To date, a few gold and silver artefacts have been found at bottom of the lake, lending credence to the legend, but after multiple research investigations over the centuries – including partially draining the lake – no hard evidence has been discovered to prove that this is, in fact, the location of the mythical “El Dorado”. The quest goes on…
This tour offers an overview of the geography of the lake and an insight into some of the myths and legends that surround this location. It is not hard to see why the lake has so intrigued the ancient Musica, the Spanish conquistadores – and, indeed, us today.
Villa de Leyva introduction
Villa de Leyva is Located some 150 kilometres north of Bogota, about four hours by car, passing through stunning savannah landscapes on the way. With its myriad of winding cobbled streets, lined on either side by orange roofed white washed houses, and surrounded by mountains, the village is a charming place to while away a few days. With scarcely a modern building in site and boasting one of the largest cobbled-stoned squares in South America this village where time stands still is a great place to see a snap shot of historical Colombia preserved in its entirety.

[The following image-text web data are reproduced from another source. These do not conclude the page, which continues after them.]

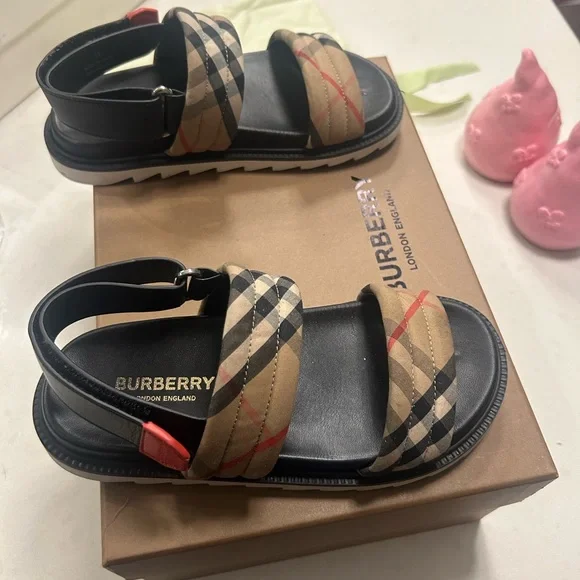 KIDS BURBERRY CHILDRENS SANDALS - Picture 2 of 6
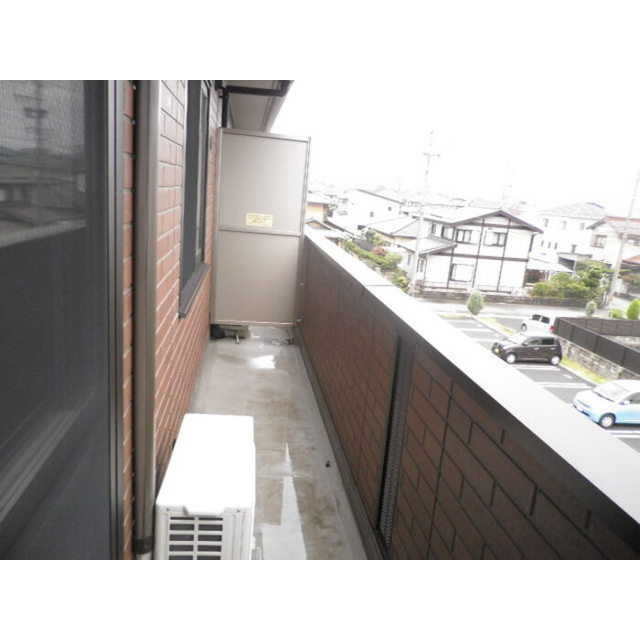各務原市鵜沼各務原町６丁目のアパートのバルコニー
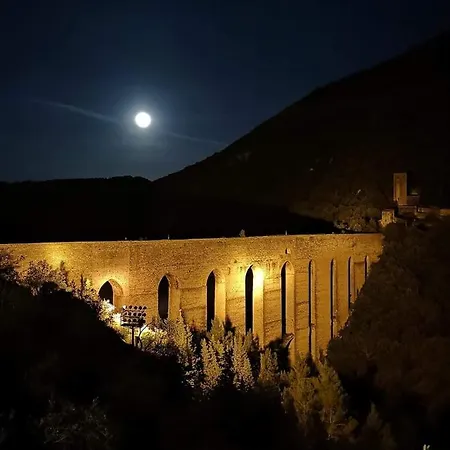 Di Via Refini Ii * Spoleto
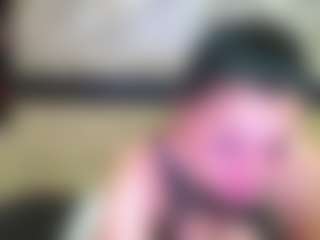 Live cam show with Yanisa23 - Smoking on Dare Cams
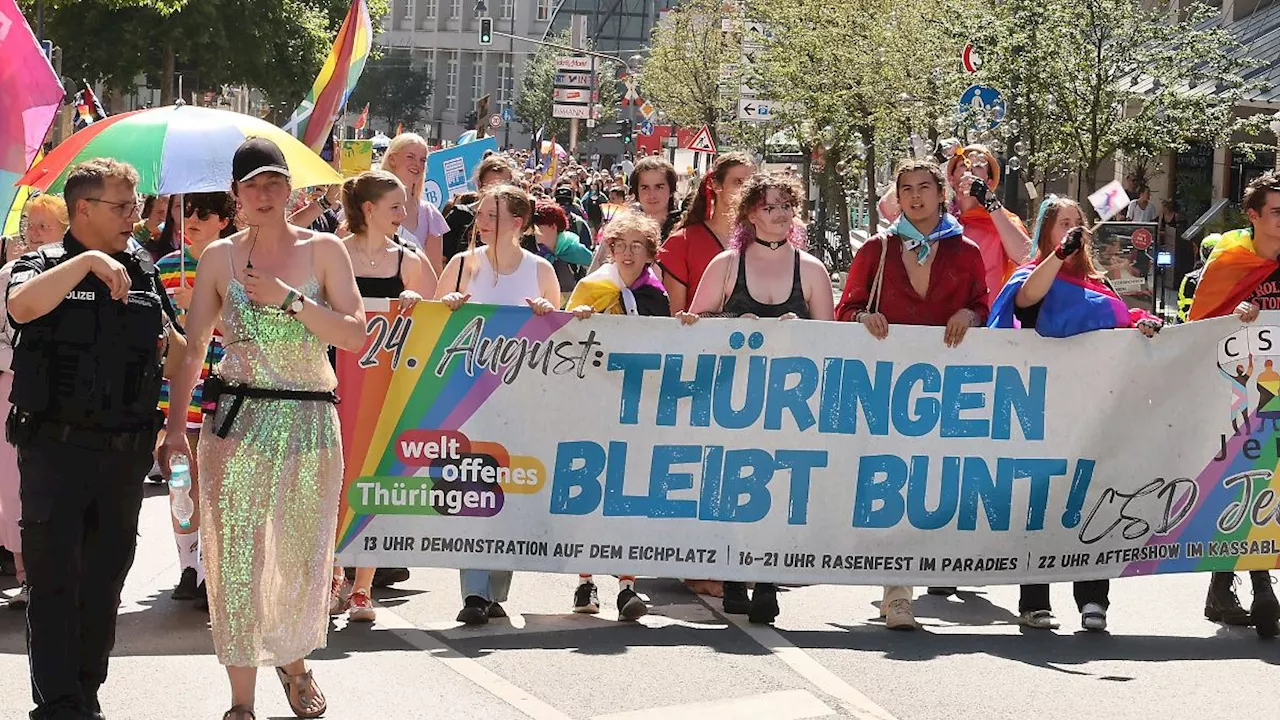 Thüringen: Große Parade beim Christopher Street Day in Jena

The Hosteria del "Molino de la Mesopotamia" used to be an old mill but has been turned into a hotel packed to bursting with antiques and older than the village itself. You can also visit the birthplace of Antonio Ricaurte and the house in which Antonio Nariño lived. The latter translated the 'Rights of Man' into Spanish and both men became important figures in the Independence Movement.
Just outside Villa de Leyva, there are some wonderful walks and excursions that can be made within half a day or a day. Alternatively you can take in some of the other sites such as visiting ancient giant Fossils, Muiscan observatories and indigenous sites or simply out on horseback to enjoy the enchanting scenery.